Globally renowned as a booming business and shipping center, Limassol blends a fascinating past with a vibrant and dynamic contemporary appeal. Striking skyscrapers reach for the skies beside historic buildings, while luxurious seaside hotels and ancient sites vie for attention by sandy shores. In the city centre, artsy café bars housed in old mansions burst with hip urban style beside smart office buildings housing the headquarters of countless international companies.
Ideal for both study and recreation, Limassol offers the best of both worlds: modern city life and a sun-soaked outdoor lifestyle. The city sprawls across a stunning stretch of fine Mediterranean coastline backed by walking and cycling paths and dotted with countless beaches inviting you to take a refreshing plunge in the warmer months. Nature lovers can also enjoy the best of Cyprus’ rural world, with the towering peaks of the Troodos Mountains just a short drive away – a haven for skiers and snowboarders in the coldest months. Quaint wine-producing villages, pretty waterfalls, and fascinating folklore museums add to the charm of the rugged terrain beyond the city.
Must-visit Limassol attractions
There are heaps of sites to see and endless experiences to enjoy in a city where all things cool and contemporary nod to the past every step of the way. Here’s all you need to know about some of Limassol’s most talked-about attractions.

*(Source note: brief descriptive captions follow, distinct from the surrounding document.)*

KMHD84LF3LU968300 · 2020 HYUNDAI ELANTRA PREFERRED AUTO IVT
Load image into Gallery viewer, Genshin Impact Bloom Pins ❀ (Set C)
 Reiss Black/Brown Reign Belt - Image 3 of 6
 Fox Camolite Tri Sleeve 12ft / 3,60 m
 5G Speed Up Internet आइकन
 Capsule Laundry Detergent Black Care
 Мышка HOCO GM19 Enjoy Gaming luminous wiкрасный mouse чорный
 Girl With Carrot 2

The perfect spot to begin or end your day, Limassol’s Molos promenade is where the action is around-the-clock. Do like the locals and head here for an invigorating walk right by the water’s edge – check out the promenade’s handy bicycle hire facilities – or enjoy a heart-pumping skateboarding or rollerblading adventure. When you fancy a break, be sure to take a selfie on one of the area’s piers jutting out into the cobalt blue. Or sip on a frothy frappé (Cyprus’ famous iced coffee) at one of the buzzing promenade coffee shops. Framed by towering palm trees, the promenade spans a length of approximately one kilometre from the old Limassol port to the western tip of Akti Olympion beach. The area also features a skate park, an outdoor gym, impressive sculptures by local and international artists, and water fountains.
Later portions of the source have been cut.